- Problem: The entries are to be repeated exactly, with all pictures omitted.

━━━ Material to process ━━━

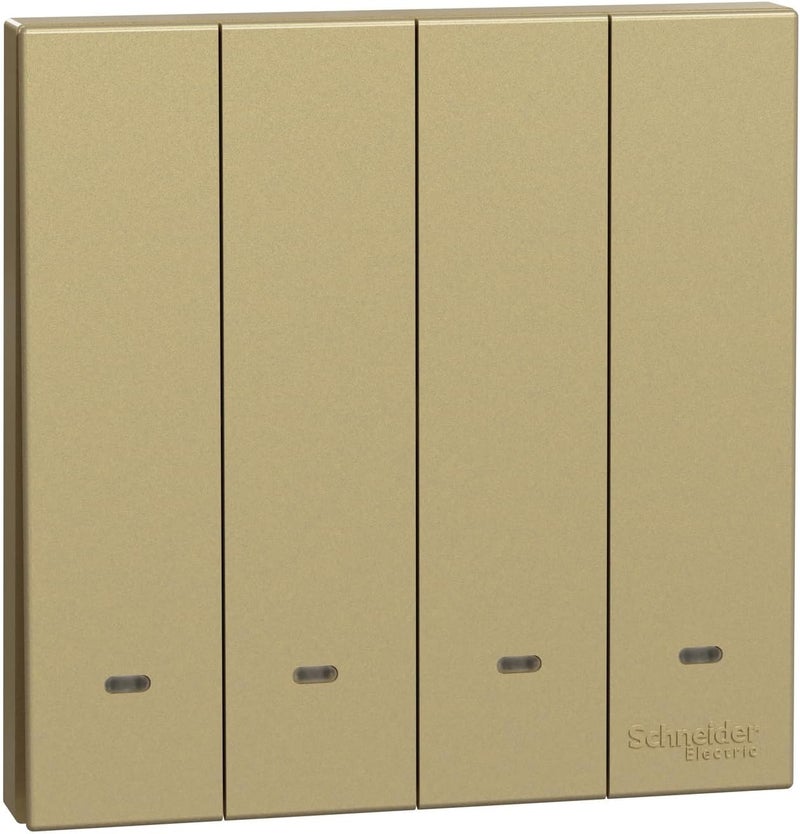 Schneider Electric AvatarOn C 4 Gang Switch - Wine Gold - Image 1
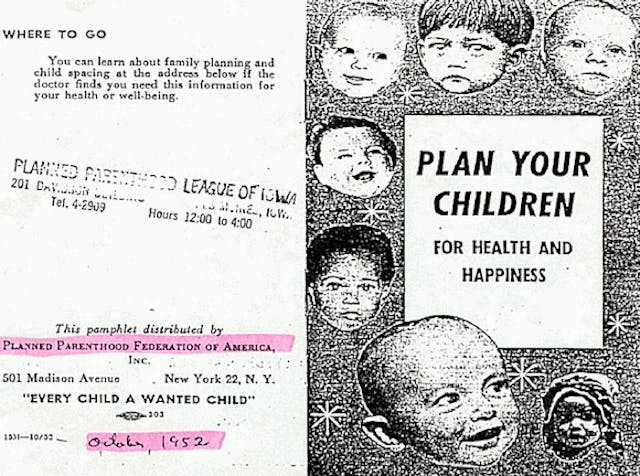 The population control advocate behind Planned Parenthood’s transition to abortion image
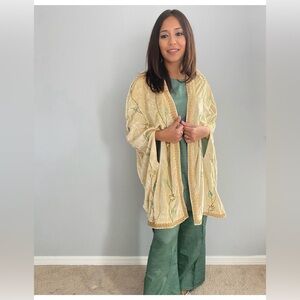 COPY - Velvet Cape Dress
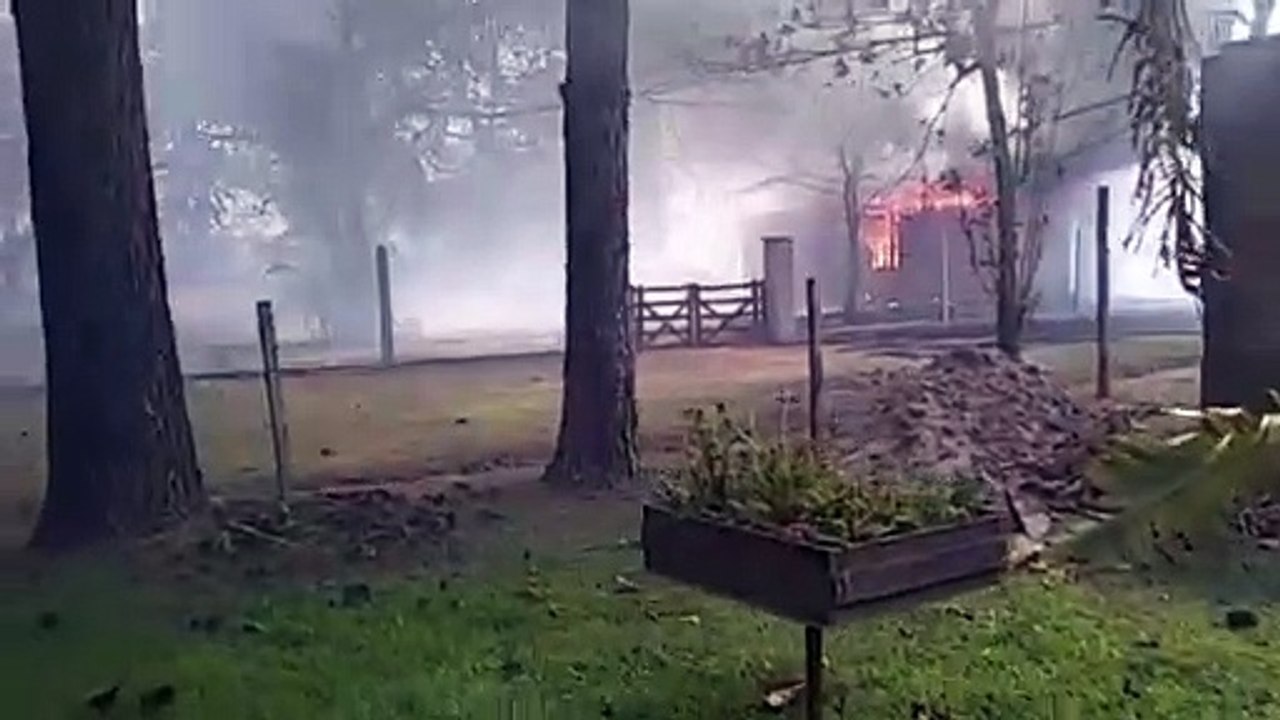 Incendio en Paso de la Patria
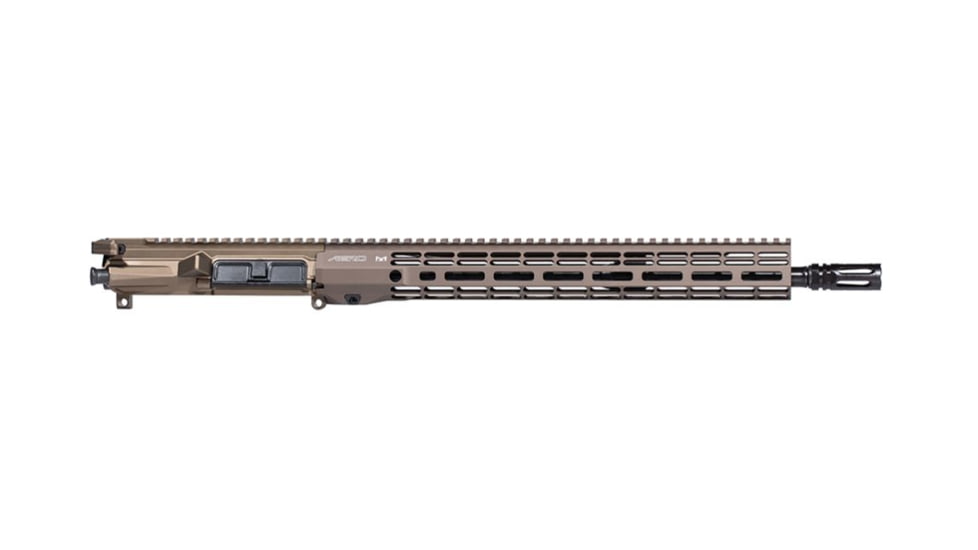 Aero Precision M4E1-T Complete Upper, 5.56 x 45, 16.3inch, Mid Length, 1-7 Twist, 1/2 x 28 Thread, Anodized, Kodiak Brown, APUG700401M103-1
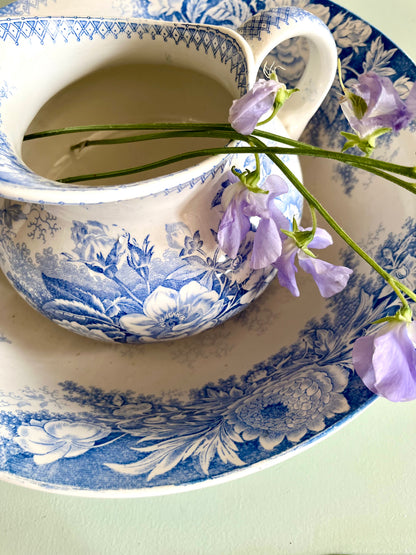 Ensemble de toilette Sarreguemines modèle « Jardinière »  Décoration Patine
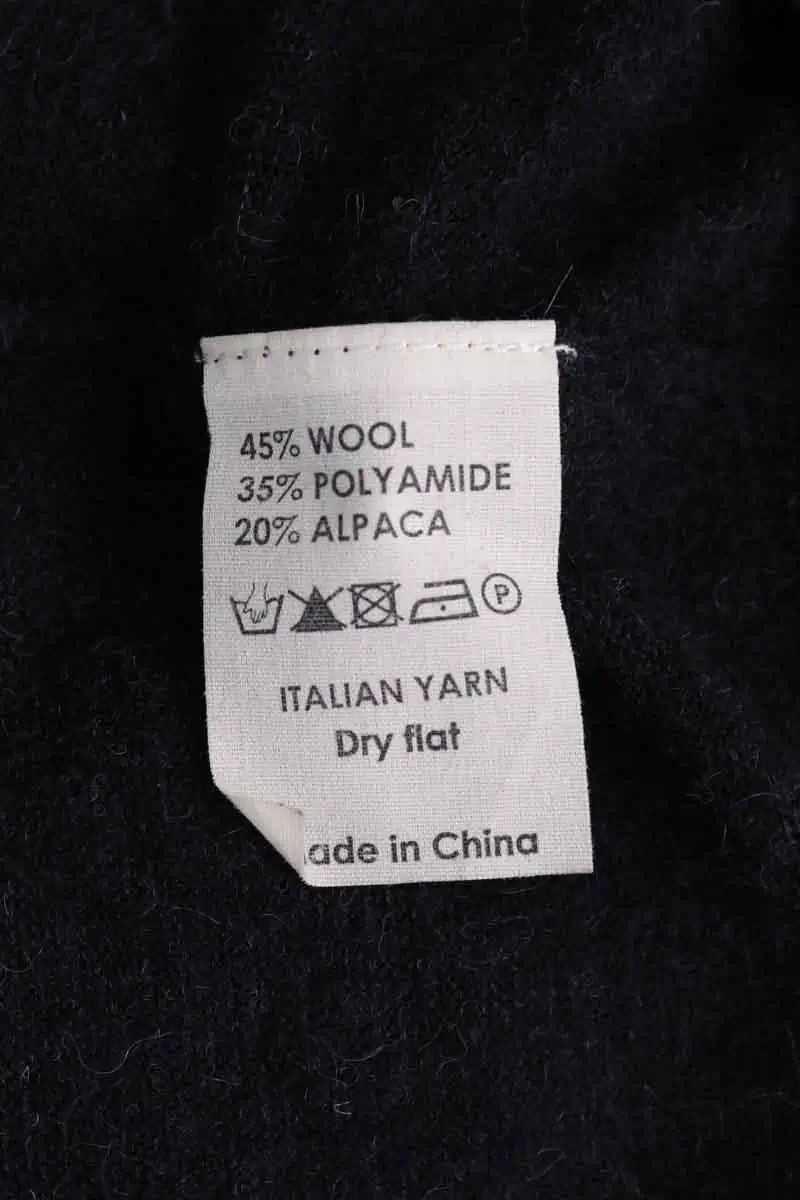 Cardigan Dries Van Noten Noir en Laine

━━━

- Result of the task:
 Schneider Electric AvatarOn C 4 Gang Switch - Wine Gold - Image 1
 The population control advocate behind Planned Parenthood’s transition to abortion image
 COPY - Velvet Cape Dress
 Incendio en Paso de la Patria
 Aero Precision M4E1-T Complete Upper, 5.56 x 45, 16.3inch, Mid Length, 1-7 Twist, 1/2 x 28 Thread, Anodized, Kodiak Brown, APUG700401M103-1
 Ensemble de toilette Sarreguemines modèle « Jardinière »  Décoration Patine
 Cardigan Dries Van Noten Noir en Laine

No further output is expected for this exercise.